The last course, a new offering by the university in South Bend, Ind., is getting plenty of attention from critics who say it indoctrinates students and shames white people.

Sociology 25280, or "White Privilege Seminar: An Introduction to the Intersections of Privilege," is a one-credit, six-week preparatory sociology class designed to educate and train ten carefully selected students on the definitions of and causes and effects of white privilege, according to the course description.

“The nature of living in contemporary culture indicates that people consciously and unconsciously simultaneously participate in and are affected by systems of oppression; however, since these behaviors can be learned, they can also be unlearned," it reads. As such, the main objective for the course, it continues, is “personal transformation: to leave the class and conference more aware of injustices and better equipped with tools to disrupt personal, institutional, and worldwide systems of oppression.”

The class culminates with a trip to the White Privilege Conference, paid for by the university.

The class is getting special attention in the wake of the grand jury decisions in the cases of Michael Brown and Eric Garner, two unarmed black men fatally killed by white police officers, both of which resulted in non-indictments.

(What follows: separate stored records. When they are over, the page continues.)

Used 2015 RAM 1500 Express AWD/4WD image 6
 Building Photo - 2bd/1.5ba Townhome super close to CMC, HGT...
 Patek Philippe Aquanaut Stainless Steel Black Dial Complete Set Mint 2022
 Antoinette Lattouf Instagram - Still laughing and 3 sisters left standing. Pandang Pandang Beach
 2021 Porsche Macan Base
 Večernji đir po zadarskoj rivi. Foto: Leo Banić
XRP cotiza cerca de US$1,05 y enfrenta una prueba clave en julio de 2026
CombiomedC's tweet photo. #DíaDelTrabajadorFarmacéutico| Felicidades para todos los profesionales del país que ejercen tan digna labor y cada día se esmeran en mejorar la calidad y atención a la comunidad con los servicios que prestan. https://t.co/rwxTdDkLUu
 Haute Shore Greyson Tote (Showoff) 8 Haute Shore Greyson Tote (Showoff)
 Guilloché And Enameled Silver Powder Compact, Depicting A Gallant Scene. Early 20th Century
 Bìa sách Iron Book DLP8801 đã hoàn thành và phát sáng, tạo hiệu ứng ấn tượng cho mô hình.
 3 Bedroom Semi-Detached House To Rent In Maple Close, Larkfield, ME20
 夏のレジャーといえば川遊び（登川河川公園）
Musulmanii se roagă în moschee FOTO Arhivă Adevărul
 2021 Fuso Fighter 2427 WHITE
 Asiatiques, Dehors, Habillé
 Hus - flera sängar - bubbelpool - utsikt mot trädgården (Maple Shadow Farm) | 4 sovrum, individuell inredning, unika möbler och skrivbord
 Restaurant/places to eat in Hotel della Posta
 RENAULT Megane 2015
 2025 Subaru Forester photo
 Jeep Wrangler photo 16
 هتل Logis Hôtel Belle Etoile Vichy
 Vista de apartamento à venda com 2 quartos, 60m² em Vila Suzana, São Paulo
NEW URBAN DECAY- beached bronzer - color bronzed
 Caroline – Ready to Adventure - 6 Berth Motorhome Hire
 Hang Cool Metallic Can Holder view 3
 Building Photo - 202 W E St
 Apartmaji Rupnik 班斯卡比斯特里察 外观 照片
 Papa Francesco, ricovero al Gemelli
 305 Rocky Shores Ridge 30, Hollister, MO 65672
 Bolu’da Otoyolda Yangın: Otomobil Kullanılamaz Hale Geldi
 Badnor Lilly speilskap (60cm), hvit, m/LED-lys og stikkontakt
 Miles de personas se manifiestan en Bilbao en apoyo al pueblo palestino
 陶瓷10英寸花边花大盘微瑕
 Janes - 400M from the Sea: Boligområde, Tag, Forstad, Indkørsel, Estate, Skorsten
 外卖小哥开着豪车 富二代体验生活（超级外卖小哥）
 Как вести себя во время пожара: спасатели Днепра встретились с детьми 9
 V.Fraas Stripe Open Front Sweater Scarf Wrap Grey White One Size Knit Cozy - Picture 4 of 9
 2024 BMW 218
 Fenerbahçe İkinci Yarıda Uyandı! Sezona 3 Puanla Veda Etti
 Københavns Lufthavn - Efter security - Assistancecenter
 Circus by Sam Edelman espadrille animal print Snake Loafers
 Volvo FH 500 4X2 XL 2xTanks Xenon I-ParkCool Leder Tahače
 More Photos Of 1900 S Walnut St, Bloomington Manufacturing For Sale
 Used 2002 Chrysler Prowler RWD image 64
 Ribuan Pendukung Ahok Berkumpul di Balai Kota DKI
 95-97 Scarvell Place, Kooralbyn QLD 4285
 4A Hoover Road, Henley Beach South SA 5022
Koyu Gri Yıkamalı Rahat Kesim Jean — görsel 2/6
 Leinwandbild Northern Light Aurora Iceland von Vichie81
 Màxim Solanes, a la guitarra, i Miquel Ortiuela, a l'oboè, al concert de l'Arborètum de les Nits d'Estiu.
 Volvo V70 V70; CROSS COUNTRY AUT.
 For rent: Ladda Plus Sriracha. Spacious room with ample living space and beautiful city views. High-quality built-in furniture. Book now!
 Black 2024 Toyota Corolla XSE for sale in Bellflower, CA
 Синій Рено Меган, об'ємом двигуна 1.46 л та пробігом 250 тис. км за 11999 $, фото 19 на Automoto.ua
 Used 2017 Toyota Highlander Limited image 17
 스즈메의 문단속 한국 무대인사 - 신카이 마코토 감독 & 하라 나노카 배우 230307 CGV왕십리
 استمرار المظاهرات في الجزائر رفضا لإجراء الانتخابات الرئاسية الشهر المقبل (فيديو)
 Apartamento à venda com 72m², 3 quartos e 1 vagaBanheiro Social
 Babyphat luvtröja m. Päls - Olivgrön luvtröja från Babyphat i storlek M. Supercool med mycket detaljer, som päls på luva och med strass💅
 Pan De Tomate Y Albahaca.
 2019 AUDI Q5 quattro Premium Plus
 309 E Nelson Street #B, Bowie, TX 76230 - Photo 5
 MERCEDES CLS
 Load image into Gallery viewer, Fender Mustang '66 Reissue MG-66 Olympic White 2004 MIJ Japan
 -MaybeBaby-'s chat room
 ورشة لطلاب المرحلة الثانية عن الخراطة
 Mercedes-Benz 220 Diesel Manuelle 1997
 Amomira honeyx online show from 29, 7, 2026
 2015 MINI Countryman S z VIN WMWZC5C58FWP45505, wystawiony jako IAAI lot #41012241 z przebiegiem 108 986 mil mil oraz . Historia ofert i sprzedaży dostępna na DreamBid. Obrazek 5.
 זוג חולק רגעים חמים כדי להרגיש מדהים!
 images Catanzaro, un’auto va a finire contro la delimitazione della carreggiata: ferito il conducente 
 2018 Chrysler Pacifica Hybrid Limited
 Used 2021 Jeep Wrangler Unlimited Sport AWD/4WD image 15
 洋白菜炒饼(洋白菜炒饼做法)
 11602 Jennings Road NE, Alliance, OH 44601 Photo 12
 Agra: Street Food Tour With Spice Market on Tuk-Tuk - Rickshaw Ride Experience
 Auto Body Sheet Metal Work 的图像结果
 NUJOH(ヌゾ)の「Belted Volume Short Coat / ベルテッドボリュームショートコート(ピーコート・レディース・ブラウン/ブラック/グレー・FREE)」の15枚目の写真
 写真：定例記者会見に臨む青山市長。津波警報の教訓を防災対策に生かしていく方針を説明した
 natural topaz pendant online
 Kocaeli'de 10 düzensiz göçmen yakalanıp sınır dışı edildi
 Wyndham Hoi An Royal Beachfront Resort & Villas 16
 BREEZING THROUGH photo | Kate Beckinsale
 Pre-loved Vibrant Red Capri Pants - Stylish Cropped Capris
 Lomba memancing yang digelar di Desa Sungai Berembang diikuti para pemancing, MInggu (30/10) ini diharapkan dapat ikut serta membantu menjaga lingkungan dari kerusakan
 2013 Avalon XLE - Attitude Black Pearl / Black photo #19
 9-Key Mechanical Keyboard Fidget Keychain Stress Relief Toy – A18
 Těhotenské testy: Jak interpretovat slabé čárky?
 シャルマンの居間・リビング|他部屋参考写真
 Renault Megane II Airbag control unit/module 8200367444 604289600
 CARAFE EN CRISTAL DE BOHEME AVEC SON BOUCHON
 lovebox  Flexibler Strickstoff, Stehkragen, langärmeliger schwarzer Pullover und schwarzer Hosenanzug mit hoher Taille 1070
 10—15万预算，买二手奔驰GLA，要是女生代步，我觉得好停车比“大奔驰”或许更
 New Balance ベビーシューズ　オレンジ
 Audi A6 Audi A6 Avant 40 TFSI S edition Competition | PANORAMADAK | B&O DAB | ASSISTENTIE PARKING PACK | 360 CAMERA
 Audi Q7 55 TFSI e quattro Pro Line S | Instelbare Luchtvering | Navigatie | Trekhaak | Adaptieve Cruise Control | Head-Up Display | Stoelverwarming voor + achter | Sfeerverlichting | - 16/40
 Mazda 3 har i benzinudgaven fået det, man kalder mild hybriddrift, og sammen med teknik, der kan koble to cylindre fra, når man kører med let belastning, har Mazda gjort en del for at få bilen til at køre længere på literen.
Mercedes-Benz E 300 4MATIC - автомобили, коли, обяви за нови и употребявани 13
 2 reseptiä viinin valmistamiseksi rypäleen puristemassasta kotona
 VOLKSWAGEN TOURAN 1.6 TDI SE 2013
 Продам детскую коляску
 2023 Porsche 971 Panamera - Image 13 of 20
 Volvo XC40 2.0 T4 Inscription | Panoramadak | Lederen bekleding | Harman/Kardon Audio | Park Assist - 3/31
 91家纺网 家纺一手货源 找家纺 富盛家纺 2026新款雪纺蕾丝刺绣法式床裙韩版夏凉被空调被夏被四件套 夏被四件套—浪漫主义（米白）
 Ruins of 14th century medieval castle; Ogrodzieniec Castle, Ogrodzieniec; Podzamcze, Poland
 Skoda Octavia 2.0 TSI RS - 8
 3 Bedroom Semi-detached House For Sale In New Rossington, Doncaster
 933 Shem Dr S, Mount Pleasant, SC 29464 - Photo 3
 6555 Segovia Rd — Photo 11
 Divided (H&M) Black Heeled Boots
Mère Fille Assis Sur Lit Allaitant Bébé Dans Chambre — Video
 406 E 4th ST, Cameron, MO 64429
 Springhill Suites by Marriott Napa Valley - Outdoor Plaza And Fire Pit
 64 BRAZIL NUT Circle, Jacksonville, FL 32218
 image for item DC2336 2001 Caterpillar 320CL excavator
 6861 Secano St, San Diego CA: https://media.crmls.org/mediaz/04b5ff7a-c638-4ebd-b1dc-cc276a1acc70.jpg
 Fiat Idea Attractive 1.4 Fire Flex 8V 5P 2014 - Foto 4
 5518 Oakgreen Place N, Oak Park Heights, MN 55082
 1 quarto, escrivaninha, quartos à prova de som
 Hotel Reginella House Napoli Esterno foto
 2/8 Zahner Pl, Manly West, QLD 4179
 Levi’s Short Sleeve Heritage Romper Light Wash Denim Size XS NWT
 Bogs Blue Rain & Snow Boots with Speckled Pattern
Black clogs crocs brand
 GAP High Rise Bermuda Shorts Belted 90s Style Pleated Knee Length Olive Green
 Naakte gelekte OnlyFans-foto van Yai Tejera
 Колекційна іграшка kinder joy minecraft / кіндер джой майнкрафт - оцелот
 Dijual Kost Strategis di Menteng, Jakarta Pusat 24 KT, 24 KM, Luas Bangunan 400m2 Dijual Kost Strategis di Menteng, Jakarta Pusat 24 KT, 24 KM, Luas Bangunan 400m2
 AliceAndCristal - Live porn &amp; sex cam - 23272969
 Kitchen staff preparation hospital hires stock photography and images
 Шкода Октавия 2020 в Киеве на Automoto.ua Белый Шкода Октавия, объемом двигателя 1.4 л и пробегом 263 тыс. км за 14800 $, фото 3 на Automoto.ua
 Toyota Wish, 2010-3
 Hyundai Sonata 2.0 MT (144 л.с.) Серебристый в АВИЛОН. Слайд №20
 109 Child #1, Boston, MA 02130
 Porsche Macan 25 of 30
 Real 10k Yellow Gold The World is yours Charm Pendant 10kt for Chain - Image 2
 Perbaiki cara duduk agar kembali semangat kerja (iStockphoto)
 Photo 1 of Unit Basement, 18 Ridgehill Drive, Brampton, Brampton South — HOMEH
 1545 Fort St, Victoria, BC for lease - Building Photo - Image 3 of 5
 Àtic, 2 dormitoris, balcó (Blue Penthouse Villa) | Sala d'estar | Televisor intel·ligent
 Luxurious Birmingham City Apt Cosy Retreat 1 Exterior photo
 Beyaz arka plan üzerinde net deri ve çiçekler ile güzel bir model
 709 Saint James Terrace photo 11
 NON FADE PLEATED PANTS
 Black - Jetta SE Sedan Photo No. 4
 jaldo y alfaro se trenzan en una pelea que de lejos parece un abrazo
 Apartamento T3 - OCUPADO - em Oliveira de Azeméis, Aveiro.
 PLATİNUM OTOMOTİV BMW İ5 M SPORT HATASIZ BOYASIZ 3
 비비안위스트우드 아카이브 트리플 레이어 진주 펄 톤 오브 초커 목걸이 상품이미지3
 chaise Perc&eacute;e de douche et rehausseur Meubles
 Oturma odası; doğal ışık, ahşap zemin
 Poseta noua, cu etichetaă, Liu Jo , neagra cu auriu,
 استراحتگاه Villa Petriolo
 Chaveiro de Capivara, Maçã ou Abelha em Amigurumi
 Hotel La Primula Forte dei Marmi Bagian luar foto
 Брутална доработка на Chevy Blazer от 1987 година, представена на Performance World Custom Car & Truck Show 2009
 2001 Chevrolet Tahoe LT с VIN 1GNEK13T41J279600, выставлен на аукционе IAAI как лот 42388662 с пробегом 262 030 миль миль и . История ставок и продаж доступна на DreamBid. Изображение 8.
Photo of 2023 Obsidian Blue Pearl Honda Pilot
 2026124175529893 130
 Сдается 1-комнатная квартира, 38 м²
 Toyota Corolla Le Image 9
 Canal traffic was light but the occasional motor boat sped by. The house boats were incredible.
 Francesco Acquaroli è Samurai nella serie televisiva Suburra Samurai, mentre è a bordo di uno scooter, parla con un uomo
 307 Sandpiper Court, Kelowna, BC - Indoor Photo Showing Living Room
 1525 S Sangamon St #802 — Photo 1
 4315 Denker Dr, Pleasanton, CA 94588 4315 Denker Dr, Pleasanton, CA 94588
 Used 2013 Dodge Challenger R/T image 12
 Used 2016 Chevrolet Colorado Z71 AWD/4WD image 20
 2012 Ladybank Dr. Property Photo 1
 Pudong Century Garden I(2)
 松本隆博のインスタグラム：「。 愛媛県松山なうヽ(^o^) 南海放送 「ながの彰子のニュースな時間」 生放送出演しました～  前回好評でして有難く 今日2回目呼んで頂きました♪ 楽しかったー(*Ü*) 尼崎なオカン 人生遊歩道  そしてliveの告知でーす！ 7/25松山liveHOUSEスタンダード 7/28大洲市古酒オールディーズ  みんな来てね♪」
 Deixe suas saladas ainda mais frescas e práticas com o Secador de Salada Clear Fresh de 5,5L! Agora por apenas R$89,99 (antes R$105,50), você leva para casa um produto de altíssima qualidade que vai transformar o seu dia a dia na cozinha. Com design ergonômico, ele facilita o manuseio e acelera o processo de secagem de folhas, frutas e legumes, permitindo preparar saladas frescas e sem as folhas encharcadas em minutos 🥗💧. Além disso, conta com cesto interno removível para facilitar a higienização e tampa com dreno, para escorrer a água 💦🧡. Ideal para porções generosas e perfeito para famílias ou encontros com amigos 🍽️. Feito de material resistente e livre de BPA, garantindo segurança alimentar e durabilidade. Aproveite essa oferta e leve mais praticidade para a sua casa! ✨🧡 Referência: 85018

News of the grand jury decisions has led to increased racial polarization and renewed attention to the issues of racial injustice and police brutality.

But for some on the political right, the class is an example of liberal education gone too far.

"More Progressive Indoctrination: Notre Dame to Teach White Students That They are Inherently Racist," trumpeted a Tea Party News Network headline.

"Major University Decides Students Are Racist, Now Offers A Class Called “White….," reads the Young Conservatives website

Critics also lit up Twitter in protest.

 

"This isn't education, it's indoctrination," Notre Dame student and conservative campus activist Mark Gianfalla told the Daily Caller. "The problem I see with this course is that it is teaching a flawed and inherently racist sociological theory as fact."

Turning his focus on the course professor, Iris Outlaw, Gianfalla continued, "This is a faculty member who helped organize protests against the College Republicans’ hosting of Ann Coulter on campus last year under the premise that Ann was a perpetrator of racial ‘hate speech.’ Nothing is stopping her, however, from spewing the idea of white privilege and consequently white guilt in a University sanctioned course.”

Referring to the White Privilege Conference students attend after the seminar, Gianfalla said, "[A]nyone would be able to tell that it is far from academic [...] This isn’t multicultural; it’s an opportunity to bias students towards the shaming of one culture and ethnicity.”

In an interview with Campus Reform, Professor Outlaw addressed the controversy.

“This is not going to be like a white bashing or anything like that,” she said. “It’s just to help people understand the basis of privilege as well because we all have different privileges depending on who we are.”

So while the seminar is named after white privilege, the class, in fact, will take a look at a variety of other privileges such as gender and disabilities, in addition to race, she said.

“We’re actually going to identify and talk about white privilege and other systems of oppression and how they’ve evolved,” she told Campus Reform. “We’re going to be looking at the historical context of privilege and oppression. We’re also going to be looking at social, political, and economic systems through the lens of white supremacy and how that’s played out.”

Is the White Privilege Seminar an example of liberal indoctrination or enlightenment? In an age of acute polarization, the answer may depend on who you are.